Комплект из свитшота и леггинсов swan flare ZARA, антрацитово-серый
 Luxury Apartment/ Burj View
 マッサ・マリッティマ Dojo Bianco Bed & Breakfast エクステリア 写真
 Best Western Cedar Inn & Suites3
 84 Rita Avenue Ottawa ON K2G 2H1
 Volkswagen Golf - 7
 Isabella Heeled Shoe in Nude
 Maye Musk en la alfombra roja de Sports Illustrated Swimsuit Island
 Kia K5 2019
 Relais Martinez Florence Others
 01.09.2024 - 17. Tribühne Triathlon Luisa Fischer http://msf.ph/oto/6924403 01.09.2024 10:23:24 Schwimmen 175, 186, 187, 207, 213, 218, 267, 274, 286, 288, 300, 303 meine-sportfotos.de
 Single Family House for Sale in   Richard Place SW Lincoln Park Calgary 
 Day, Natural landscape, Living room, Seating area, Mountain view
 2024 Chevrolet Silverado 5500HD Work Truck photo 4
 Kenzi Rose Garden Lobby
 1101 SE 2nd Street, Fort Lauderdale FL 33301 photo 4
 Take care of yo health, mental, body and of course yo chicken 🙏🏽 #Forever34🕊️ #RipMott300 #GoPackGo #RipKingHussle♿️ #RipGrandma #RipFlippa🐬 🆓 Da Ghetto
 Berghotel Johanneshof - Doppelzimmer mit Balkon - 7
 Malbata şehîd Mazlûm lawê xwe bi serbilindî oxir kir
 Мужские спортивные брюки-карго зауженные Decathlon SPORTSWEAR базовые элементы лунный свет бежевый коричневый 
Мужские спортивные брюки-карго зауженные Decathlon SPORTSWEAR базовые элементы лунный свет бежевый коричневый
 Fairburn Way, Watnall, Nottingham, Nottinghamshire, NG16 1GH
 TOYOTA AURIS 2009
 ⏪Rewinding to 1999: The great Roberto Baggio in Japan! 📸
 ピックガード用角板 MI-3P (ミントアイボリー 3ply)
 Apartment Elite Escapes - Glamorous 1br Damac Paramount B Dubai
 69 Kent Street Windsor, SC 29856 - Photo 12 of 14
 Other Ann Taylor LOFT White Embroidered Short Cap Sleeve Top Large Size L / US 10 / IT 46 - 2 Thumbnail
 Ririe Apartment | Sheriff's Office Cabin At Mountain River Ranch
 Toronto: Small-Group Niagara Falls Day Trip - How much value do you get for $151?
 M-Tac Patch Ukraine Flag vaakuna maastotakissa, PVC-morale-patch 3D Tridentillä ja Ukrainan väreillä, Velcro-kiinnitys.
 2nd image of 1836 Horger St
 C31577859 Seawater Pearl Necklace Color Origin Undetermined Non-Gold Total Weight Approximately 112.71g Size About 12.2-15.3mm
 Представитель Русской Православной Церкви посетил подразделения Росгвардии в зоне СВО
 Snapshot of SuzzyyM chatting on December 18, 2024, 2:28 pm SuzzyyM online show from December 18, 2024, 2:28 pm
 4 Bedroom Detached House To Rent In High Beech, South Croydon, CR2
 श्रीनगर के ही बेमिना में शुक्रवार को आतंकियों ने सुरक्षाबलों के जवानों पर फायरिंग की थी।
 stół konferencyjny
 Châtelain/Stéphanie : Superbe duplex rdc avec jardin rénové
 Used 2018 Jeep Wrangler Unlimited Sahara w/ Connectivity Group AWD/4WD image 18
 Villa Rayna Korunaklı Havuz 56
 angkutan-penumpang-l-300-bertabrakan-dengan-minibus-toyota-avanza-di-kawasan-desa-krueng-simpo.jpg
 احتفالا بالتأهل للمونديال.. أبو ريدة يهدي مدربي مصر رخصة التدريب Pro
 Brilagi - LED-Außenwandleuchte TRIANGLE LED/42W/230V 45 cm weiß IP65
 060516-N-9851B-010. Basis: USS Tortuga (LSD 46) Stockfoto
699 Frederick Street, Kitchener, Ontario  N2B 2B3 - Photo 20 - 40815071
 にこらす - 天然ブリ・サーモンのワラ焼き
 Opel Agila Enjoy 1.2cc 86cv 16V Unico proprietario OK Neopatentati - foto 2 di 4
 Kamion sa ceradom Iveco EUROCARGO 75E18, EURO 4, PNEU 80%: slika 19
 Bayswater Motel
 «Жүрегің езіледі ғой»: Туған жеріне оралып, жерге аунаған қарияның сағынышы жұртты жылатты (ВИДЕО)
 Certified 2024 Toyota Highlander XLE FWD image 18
+-------+
§ **Exercise objective**: Going down the listing above, begin printing at the line with "ピックガード用角板 MI-3P (ミントアイボリー 3ply)" and finish with the line with "Other Ann Taylor", exactly as they appear.

§ **Written reply**:
 ピックガード用角板 MI-3P (ミントアイボリー 3ply)
 Apartment Elite Escapes - Glamorous 1br Damac Paramount B Dubai
 69 Kent Street Windsor, SC 29856 - Photo 12 of 14
 Other Ann Taylor LOFT White Embroidered Short Cap Sleeve Top Large Size L / US 10 / IT 46 - 2 Thumbnail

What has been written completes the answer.